**PROBLEM REQUIREMENTS**:
Starting at the line that contains "Afbeelding Strauchförmiger Essigbaum", quote every line through the end of the entries, word for word, skipping the pictures.

**ENTRIES SHOWN**:
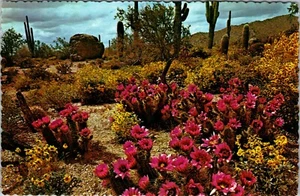 Postal de colección Arizona AZ primavera en el corazón del desierto - Imagen 1 de 2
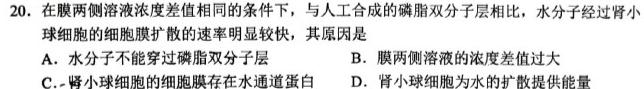 天一大联考 亳州市普通高中2023-2024学年度第一学期高二期末质量检测生物学部分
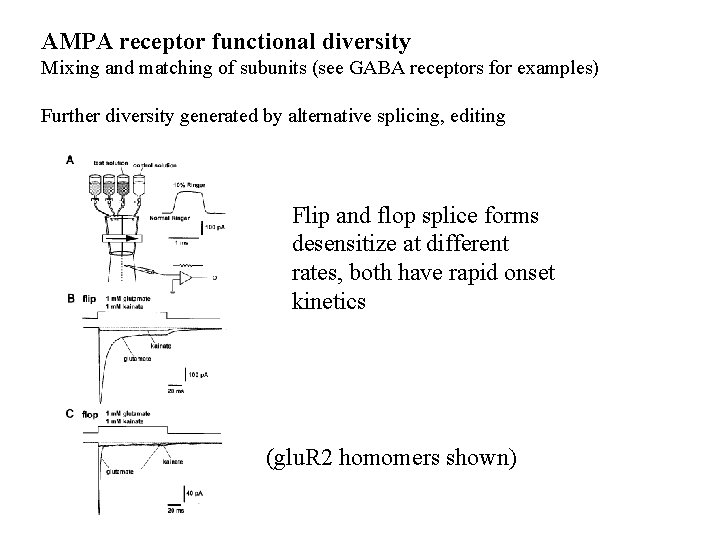 AMPA receptor functional diversity Mixing and matching of subunits (see GABA receptors for examples)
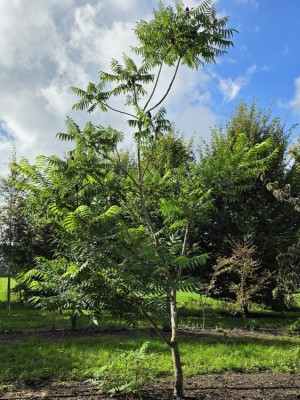 Afbeelding Strauchförmiger Essigbaum - Rhus typhina
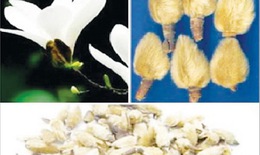 Mộc bút hoa làm thuốc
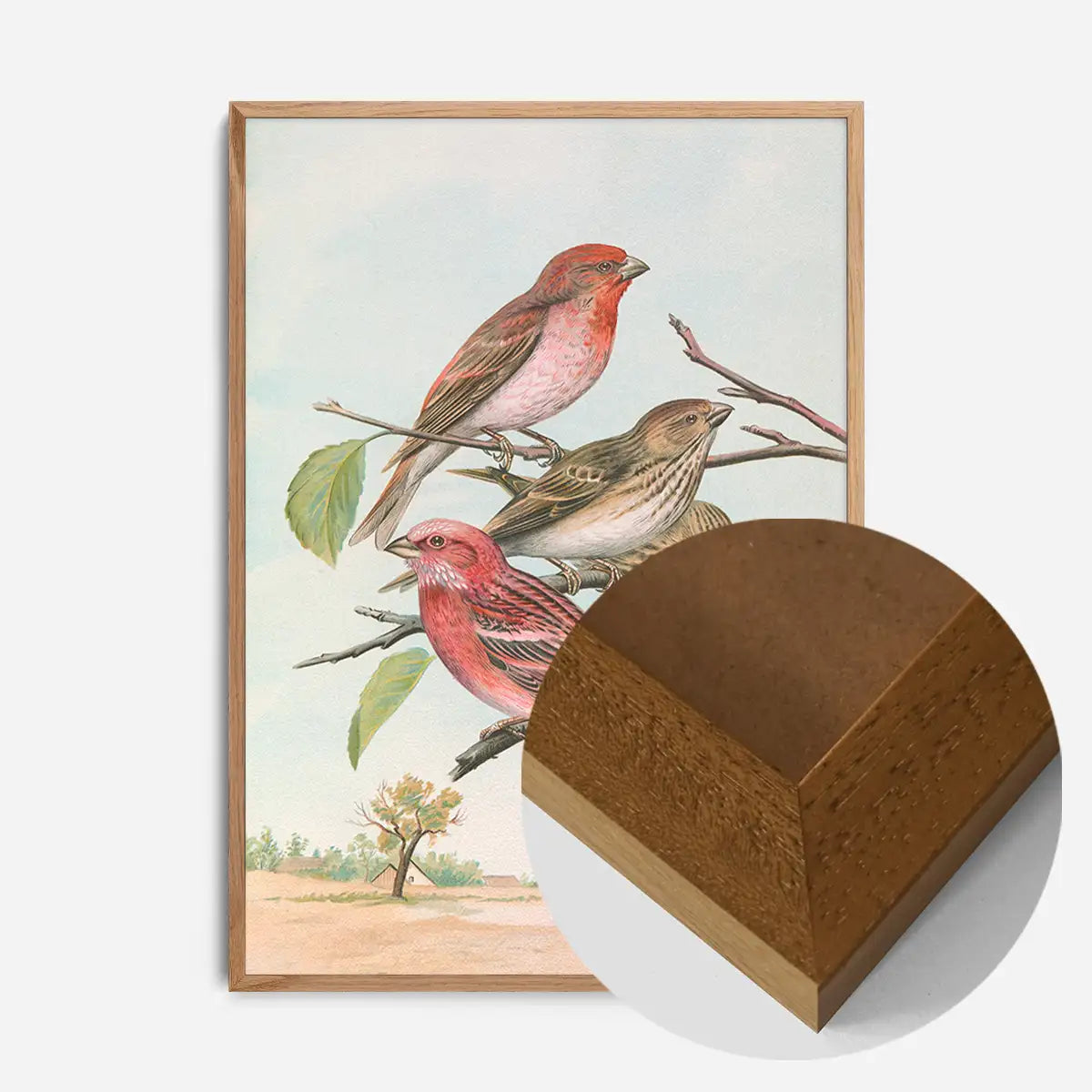 Common Rosefinch Vintage Bird Print by Johann Friedrich Naumann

**ANSWER SECTION**:
 Afbeelding Strauchförmiger Essigbaum - Rhus typhina
 Mộc bút hoa làm thuốc
 Common Rosefinch Vintage Bird Print by Johann Friedrich Naumann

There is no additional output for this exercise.